Connie Schultz, The Plain Dealer's Pulitzer Prize-winning columnist, took almost a year off to help her husband, Sherrod Brown, win election to the U.S. Senate last November. But Schultz never stopped writing, or taking notes. Now, her second book, "... And His Lovely Wife: A Memoir from the Woman Beside the Man," published by Random House in June, tells her story from the campaign trail.
Do you think your book will help change what it means to be a politician's wife, or the wife of a prominent man?
I hope so. ... I read a lot of political memoirs by spouses [on] the campaign trail. And I think women tend to censor themselves, they tend to make nice. No matter how bad it was, they'll say, "But we're all together, we love one another." And nobody believes that. We should be allowed our anger and our sadness and our exhilaration. We should be allowed to run the full gamut of emotions, just like men are allowed.
How is the role of a political spouse already changing?
I think Hillary Clinton changed it a lot. She got hammered for it. I've said to her, face to face, "Thank you for taking those hits, so I wouldn't have to." I don't think most of the public wants a wife who isn't weighing in with her husband. They don't want to think that's the kind of marriage [they have].
Did any of your Plain Dealer co-workers tell you that your marriage to Sherrod was making their job more difficult?
Nobody ever said it outright. But I knew it, absolutely knew it. Sometimes there'd be a sigh. They'd start to say something, and then think, Maybe we shouldn't be talking about this. Part of it was, they were protecting me. I went from being just a colleague to a source. I was married to the candidate. I also could see they were bending over backwards trying not to show bias, and they were just hammering the living daylights out of Sherrod. It was excruciating. You hate to be anybody else's problem.
How did you deal with the transition from colleague to source?
We just quit talking. It got to be a lonelier place for me pretty quickly.
You write a lot about your mother and father in the book. How do you think those stories fit with the story of the campaign?
I kept getting asked about my name, and that one man introduced me as "the woman who's married to Sherrod Brown, but she won't change her name." That's when I decided to tell the story about my family. I spent so much of my time in southern Ohio, especially in Appalachia. Talking about my [working-class] roots gave me credibility with them — and explained in part how I could fall in love with Sherrod Brown, because he'd been fighting for the people I come from.
You revealed in the book that you did not want Sherrod to run for Senate at first, and that's what kept him out of the race until October 2005. What changed your mind?
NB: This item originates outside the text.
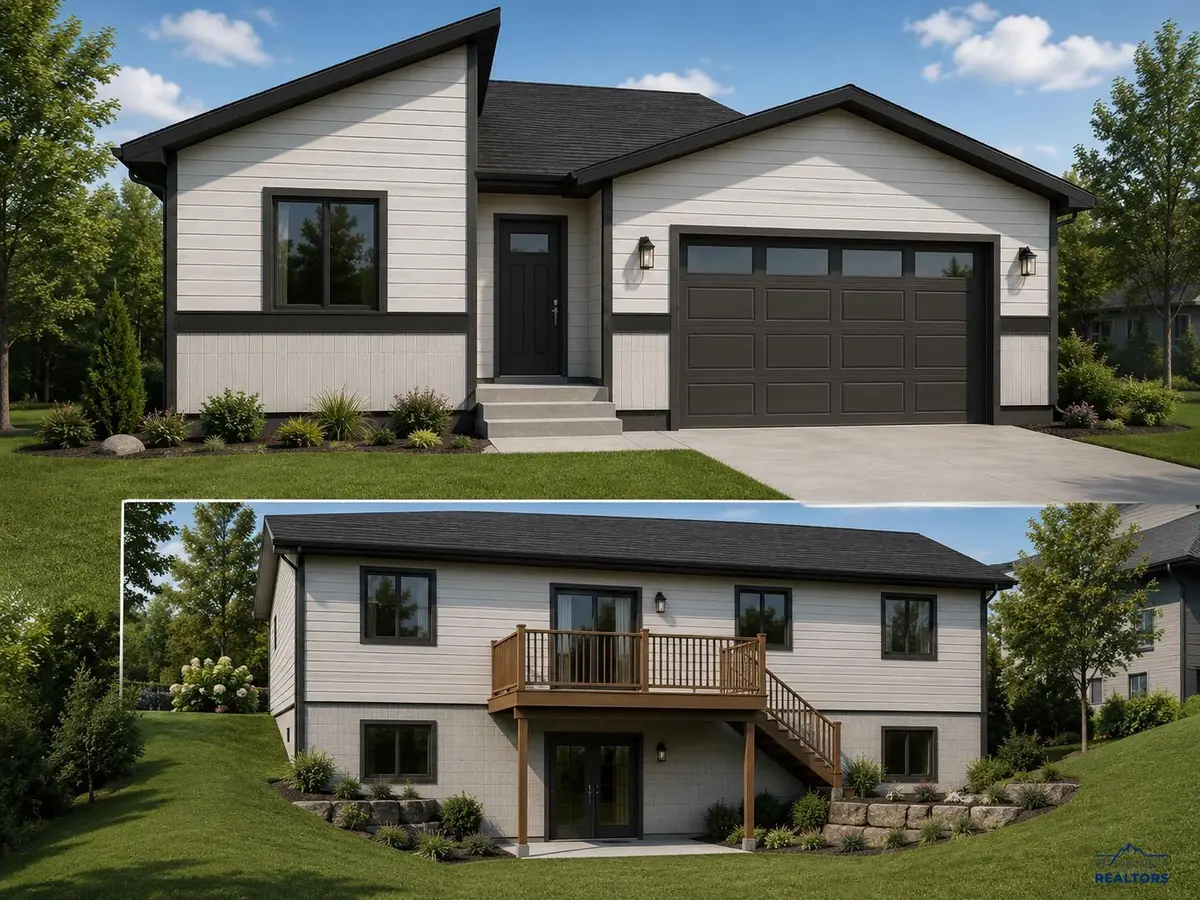 1156 Ballymore St, Rapid City, SD 57701 - #1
Part of it was watching Sherrod encouraging other people to run for offices. You listen, you watch his face, you listen to his voice, hear the life in it when he's talking about it. I was aware that we were getting really comfortable at a time when so many people weren't. We had made careers championing people, fighting for people who needed someone to stick up for them. So who are we to get comfortable now? He wouldn't tell anyone that I was the holdup. He got hammered. Everybody was so critical when he got in. [He nudged another Democratic candidate, Paul Hackett, out of the race.] I said, "Sherrod, just tell them it was me." He said, "I'm not going to be that kind of husband. I'm going to blame my wife?"
How many of your fears about him running for Senate came true, and how did you deal with them?
I was very afraid of [Republican political adviser] Karl Rove. I'm not afraid of Karl Rove anymore. I knew how nasty he could get, and his tactics did not work. I knew it would be hard to watch my husband get attacked on television. I had no idea how hard. My career has survived. Our marriage is stronger than ever. I know him better than I ever did before, and I like who I've discovered.
Are there any topics you still feel you can't or shouldn't write about in your column because you're married to Sherrod?
The only thing I'm careful about is, I'm in touch with his staff, because if he's the author of a bill, I need to know that, because I don't want to inadvertently write about something he's about to propose on the floor. I would've loved to have written about the first woman head of the AFL-CIO here [in Cleveland], but the reason she had the chance to take this job was because of John Ryan's leaving to work for Sherrod's office. So that sort of eliminated it for me.
Is your column changing now that you're nationally syndicated?
Not really. I was already trying to do more of the national issues, because my boss had said he thought I should, before I left the paper. A successful column, even when it's personal, is specific to you or your community, but it's the doorway into a larger issue.